SLOW_UNALIGNED_ACCESS
Define this macro to be the value 1 if unaligned accesses have a cost many times greater than aligned accesses, for example if they are emulated in a trap handler. When this macro is non-zero, the compiler will act as if STRICT_ALIGNMENT were non-zero when generating code for block moves. This can cause significantly more instructions to be produced. Therefore, do not set this macro non-zero if unaligned accesses only add a cycle or two to the time for a memory access. If the value of this macro is always zero, it need not be defined.
DONT_REDUCE_ADDR
Define this macro to inhibit strength reduction of memory addresses. (On some machines, such strength reduction seems to do harm rather than good.)
MOVE_RATIO
The number of scalar move insns which should be generated instead of a string move insn or a library call. Increasing the value will always make code faster, but eventually incurs high cost in increased code size. If you don't define this, a reasonable default is used.
NO_FUNCTION_CSE
Define this macro if it is as good or better to call a constant function address than to call an address kept in a register.
NO_RECURSIVE_FUNCTION_CSE
Define this macro if it is as good or better for a function to call itself with an explicit address than to call an address kept in a register.

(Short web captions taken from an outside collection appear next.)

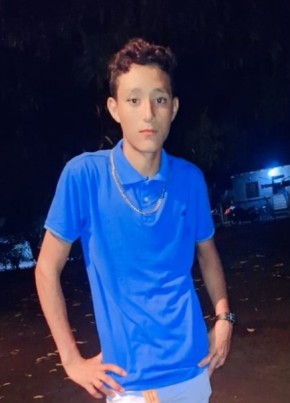 Miguel, 18, República de Nicaragua, Managua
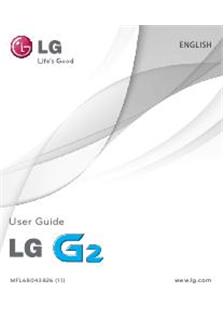 LG G2 manual. Camera Instructions.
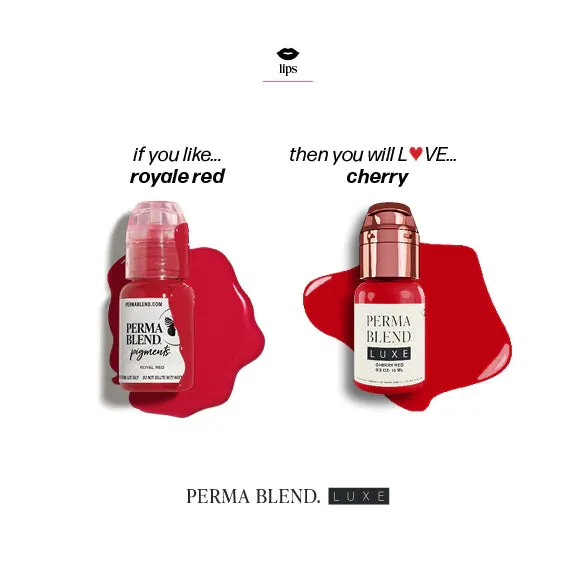 Vibrators Perma Blend Royal Red Perma Blend Pick Size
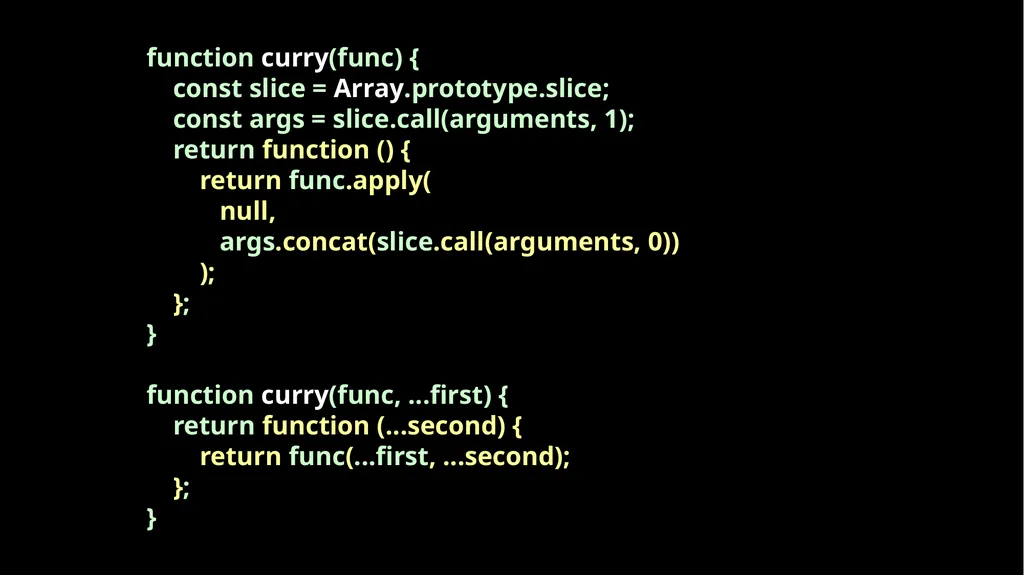 Fun With Functions Block Scope { let a; { let - slide 32 of 130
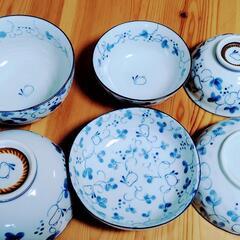 23日まで うさぎ柄の食器３種☓各２枚の画像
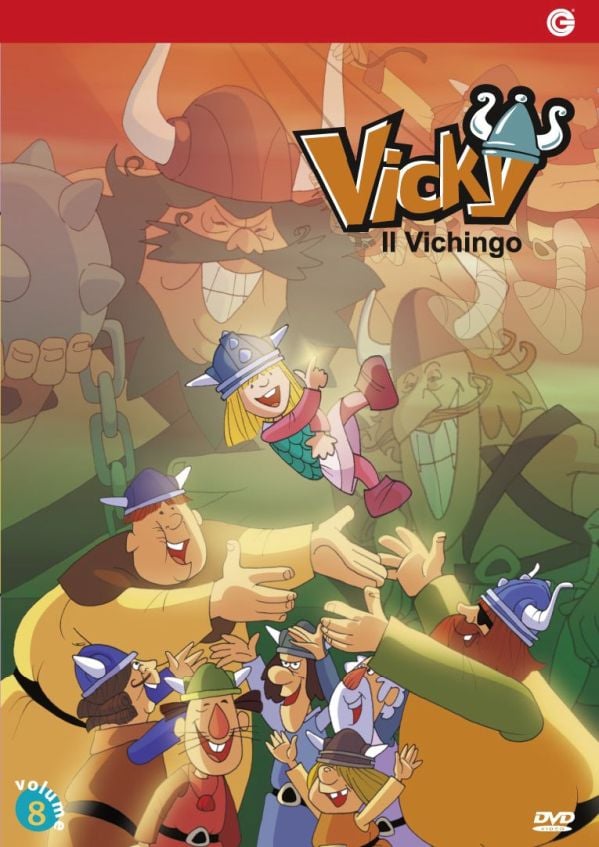 Edizione DVD di Vicky il Vichingo Volume 8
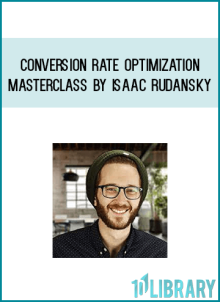 Conversion Rate Optimization Masterclass by Isaac Rudansky at Midlibrary.com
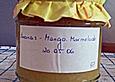 Ananas - Mango Konfit&uuml;re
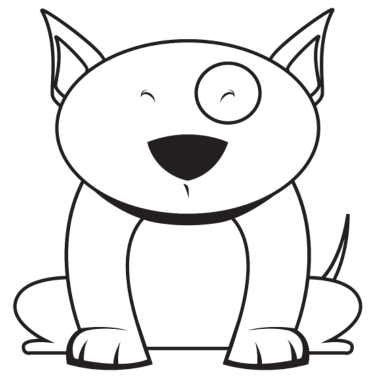 Motiv hund niedlich, hund humor, hund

ADJUST_COST (insn, link, dep_insn, cost)
A C statement (sans semicolon) to update the integer variable cost based on the relationship between insn that is dependent on dep_insn through the dependence link. The default is to make no adjustment to cost. This can be used for example to specify to the scheduler that an output- or anti-dependence does not incur the same cost as a data-dependence.
ADJUST_PRIORITY (insn)
A C statement (sans semicolon) to update the integer scheduling priority INSN_PRIORITY(insn). Reduce the priority to execute the insn earlier, increase the priority to execute insn later. Do not define this macro if you do not need to adjust the scheduling priorities of insns.